_Material provided_

========================

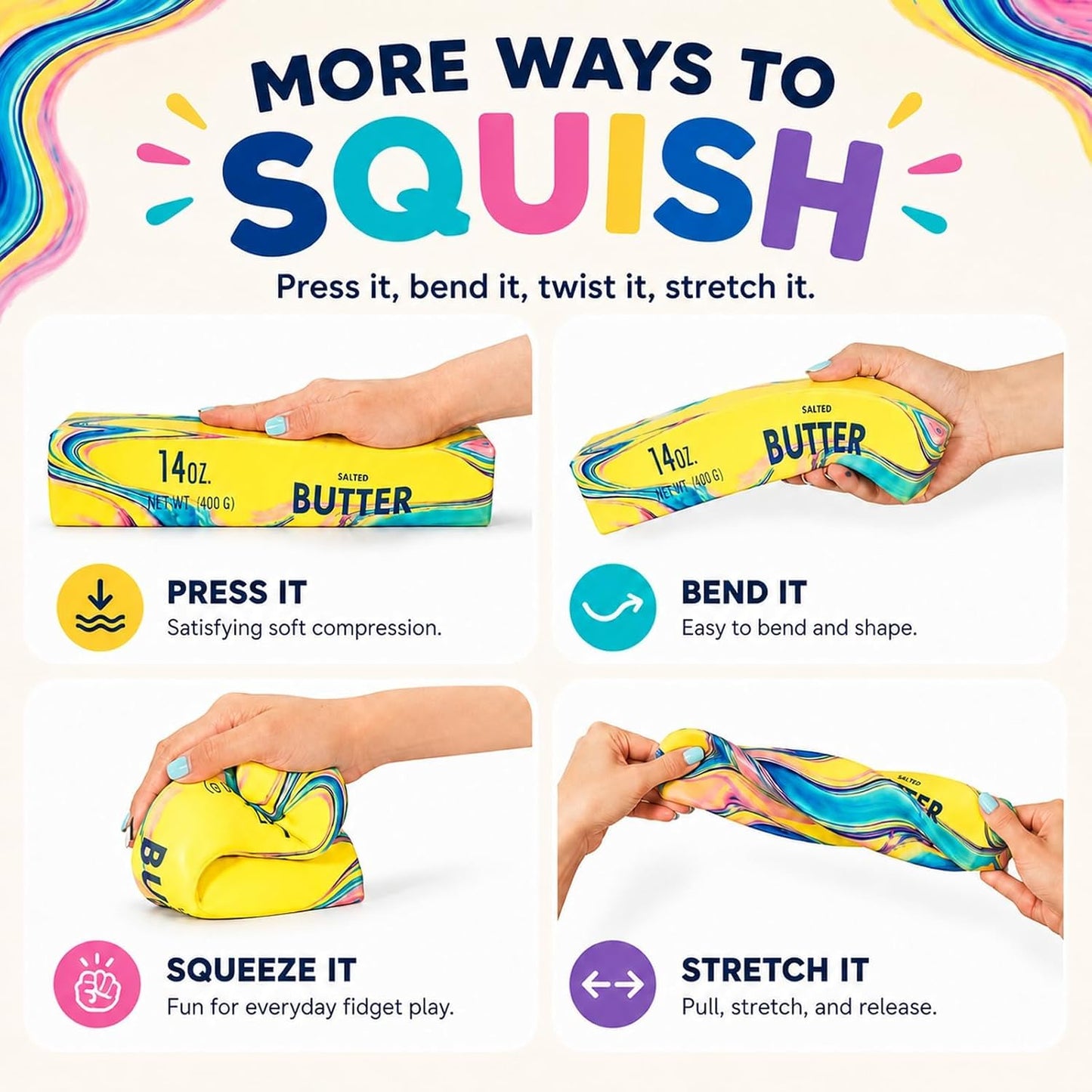 Giant Butter Squishy - 14oz Jumbo Slow Rising PU Foam Fidget Toy for Anxiety and Sensory Stress Relief for Adults, 2026 Edition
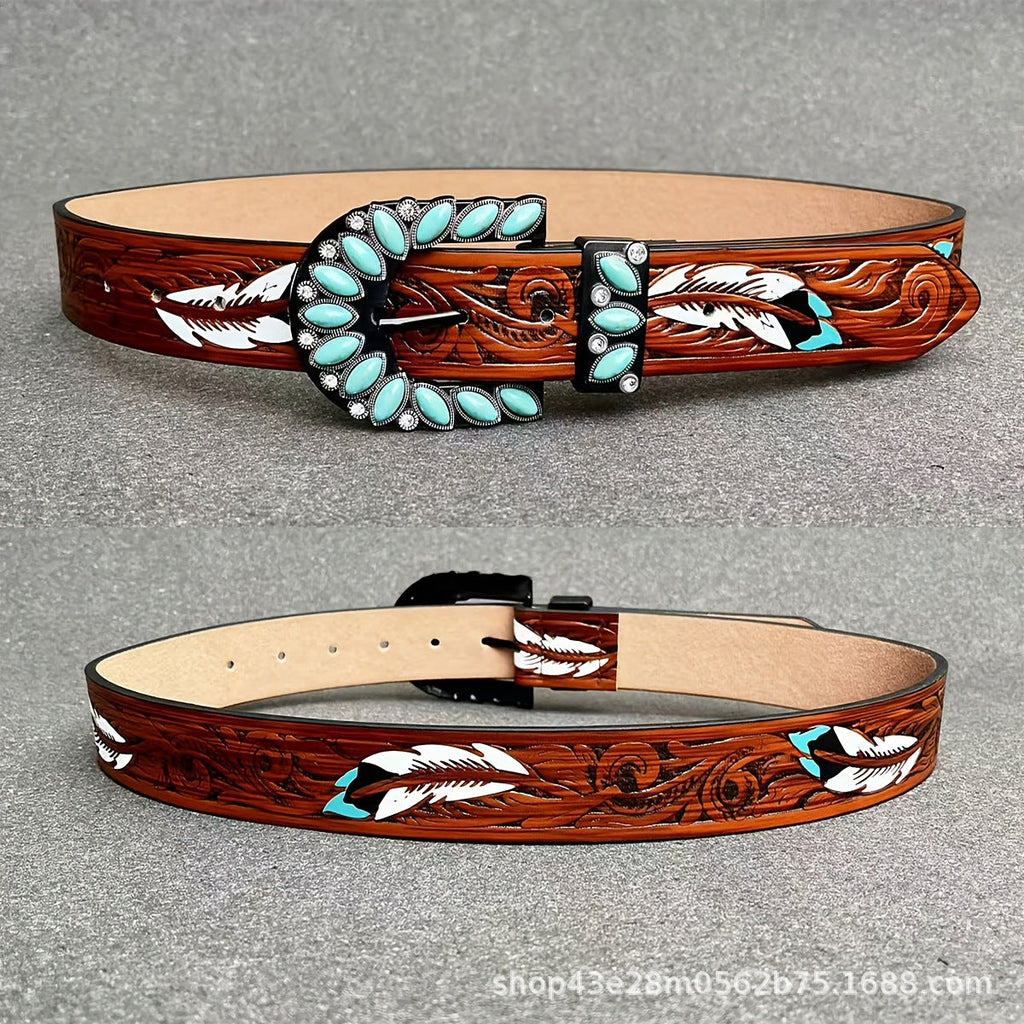 Women's Western Belt with Turquoise-Style Buckle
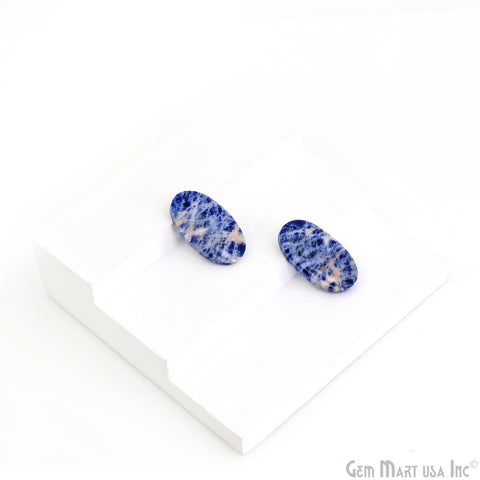 Sodalite Oval Shape 26x15mm Loose Gemstone For Earring Pair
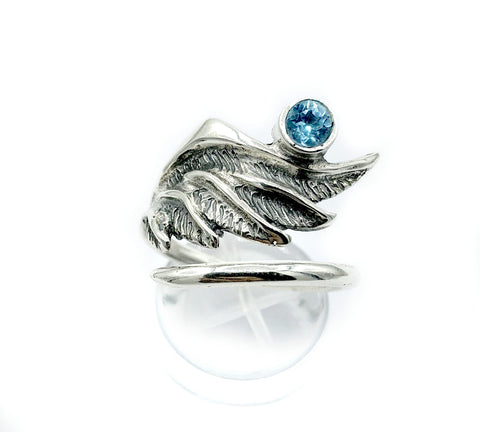 wing ring, silver ring, blue topaz ring, silver adjustable ring, archangel ring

========================

_What the task requires_
Every line of the listing above is to be repeated exactly, with its pictures left out.

_Answer space_
 Giant Butter Squishy - 14oz Jumbo Slow Rising PU Foam Fidget Toy for Anxiety and Sensory Stress Relief for Adults, 2026 Edition
 Women's Western Belt with Turquoise-Style Buckle
 Sodalite Oval Shape 26x15mm Loose Gemstone For Earring Pair
 wing ring, silver ring, blue topaz ring, silver adjustable ring, archangel ring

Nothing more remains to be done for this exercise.